Work request:
If pictures appear, leave them out, and return exactly the lines from the one holding "Pendants 925 Sterling" through the last line of the listing below.

Recorded information:
☆ ☆ ☆ ☆ ☆

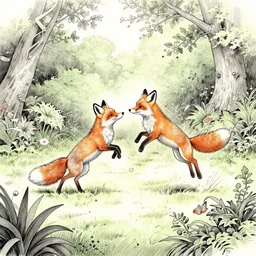 foxes playing jumping in tranquillity garden ink drawing by james jean very fine linework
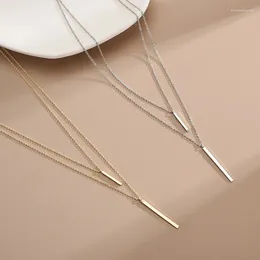 Pendants 925 Sterling Silver Trendy Square Long Strip Double Necklace For Women Simple And Exquisite Pendant Clavicle Chain Fine Jewellery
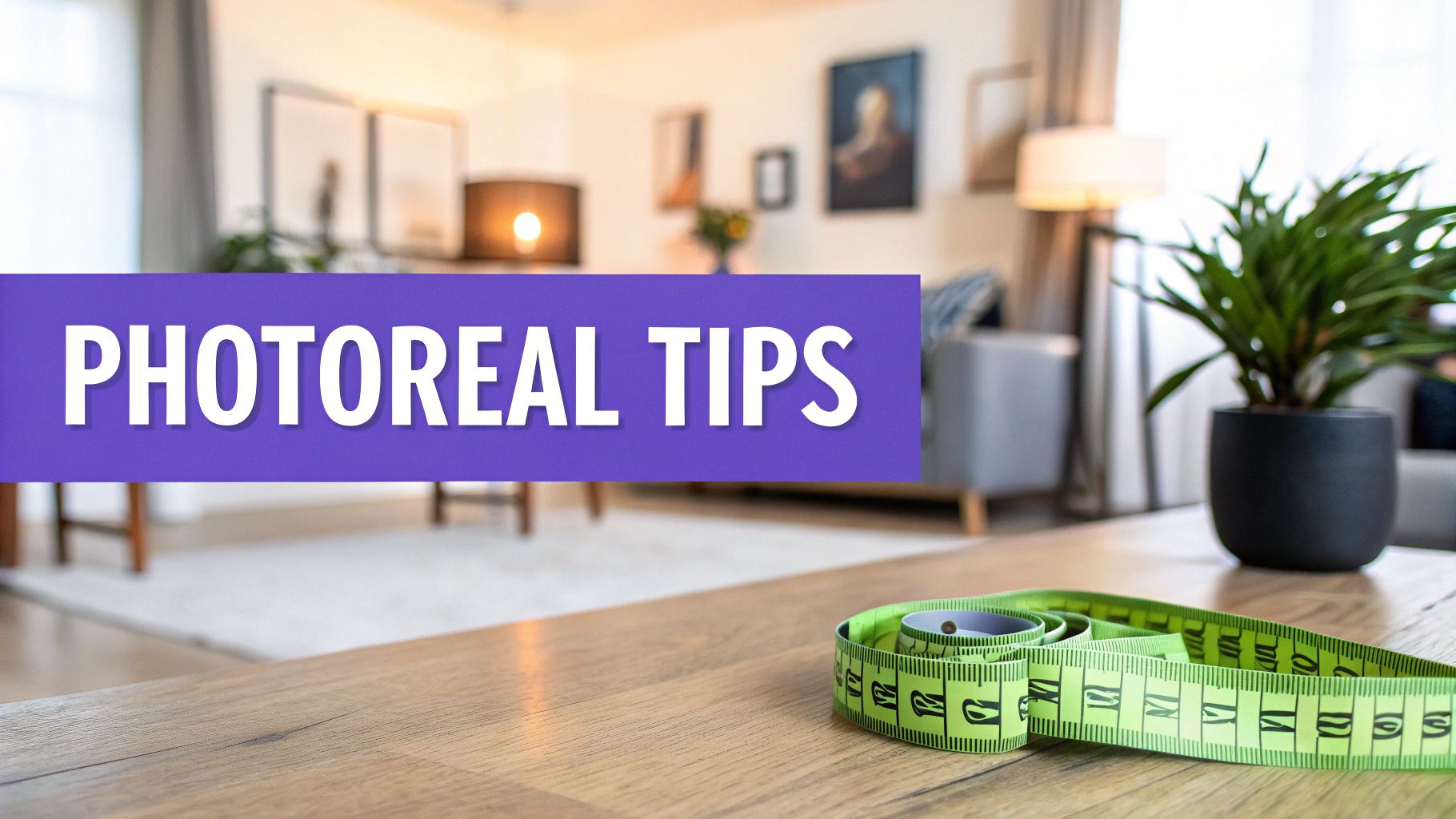 A purple 'PHOTOREAL TIPS' banner in an interior design scene with a measuring tape on a wooden table.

☆ ☆ ☆ ☆ ☆

Written answer:
 Pendants 925 Sterling Silver Trendy Square Long Strip Double Necklace For Women Simple And Exquisite Pendant Clavicle Chain Fine Jewellery
 A purple 'PHOTOREAL TIPS' banner in an interior design scene with a measuring tape on a wooden table.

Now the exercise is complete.